*WHAT IS NEEDED*.
Could you return, exactly as written, every line from the one containing "Sandales Avarca Neo" through the last line of the entries below, leaving out the pictures?

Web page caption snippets
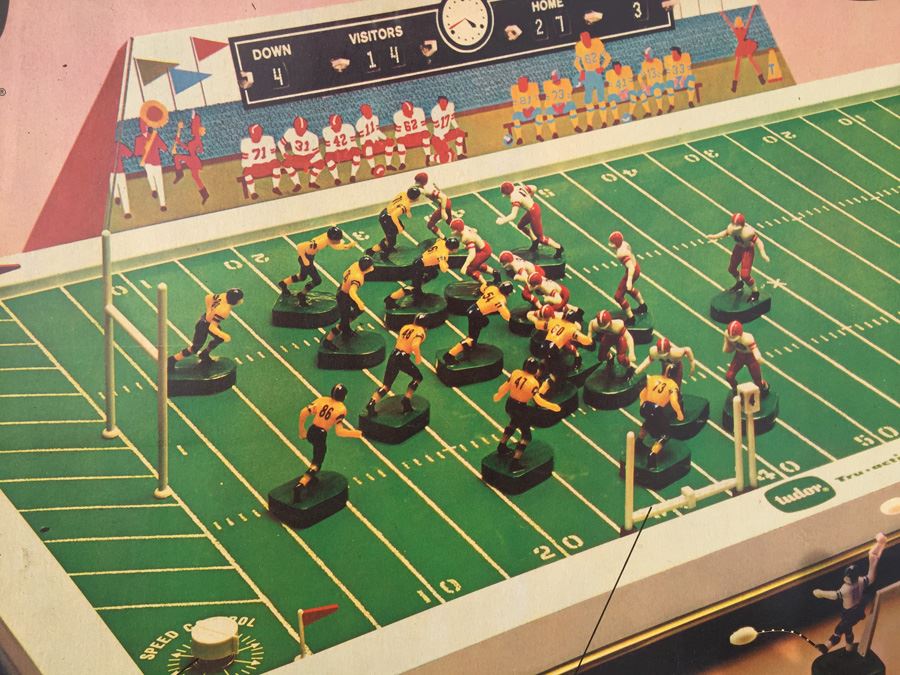 Two Vintage Sets Of The Classic Electric Football By Tudor With Box [Photo 2]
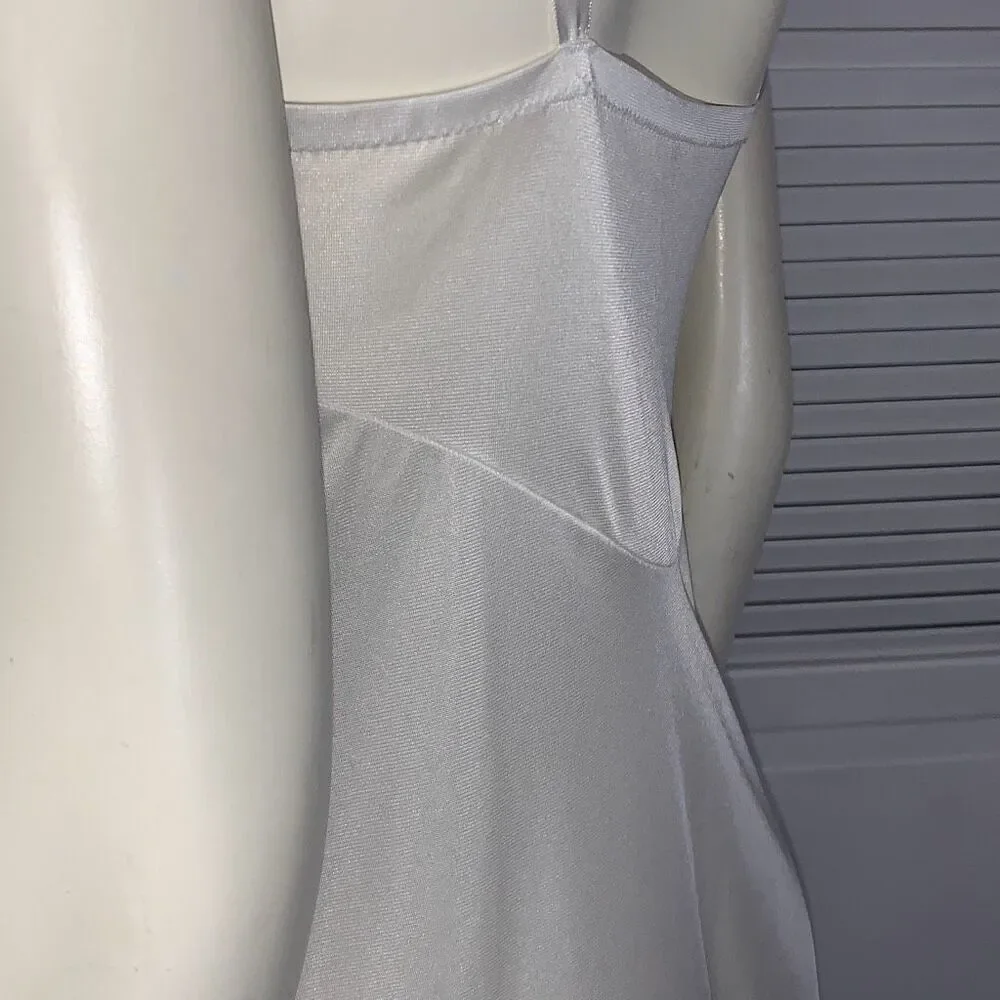 Vintage Lorraine Size 36 Tall Made in USA 100% Antron III Nylon White Full Slip - Picture 10 of 15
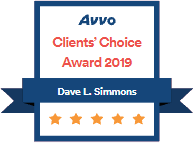 Logo Recognizing Law Offices of Dave L. Simmons, P.A.'s affiliation with AVVO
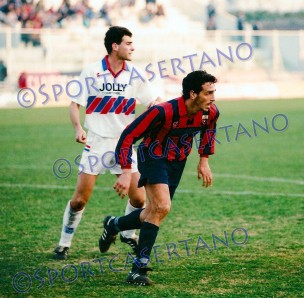 Claudio Fermanelli decisivo contro il Barletta nel '92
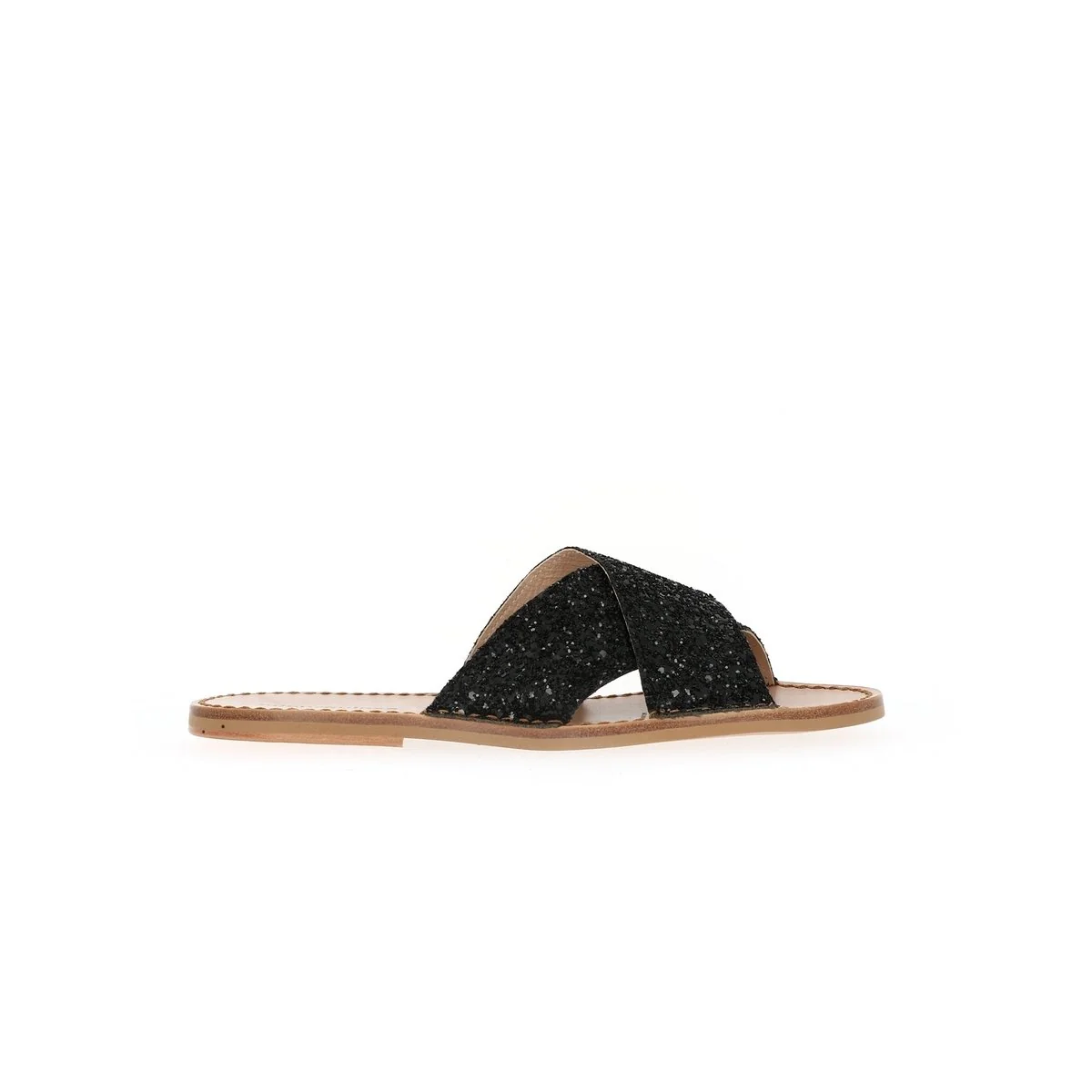 Sandales Avarca Neo Mule Paillettes Negro - Noir - Image 2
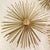Modern Gold Metal Starburst or "Sea Urchin" Wall Decor - Set of 3 For Sale - Image 3 of 11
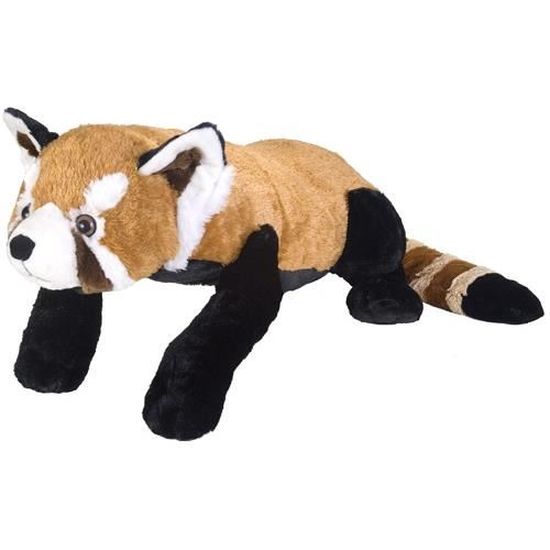 Peluche panda roux - Peluche geante - 100 cm - Doudou et Compagnie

*SOLUTION*.
 Sandales Avarca Neo Mule Paillettes Negro - Noir - Image 2
Modern Gold Metal Starburst or "Sea Urchin" Wall Decor - Set of 3 For Sale - Image 3 of 11
 Peluche panda roux - Peluche geante - 100 cm - Doudou et Compagnie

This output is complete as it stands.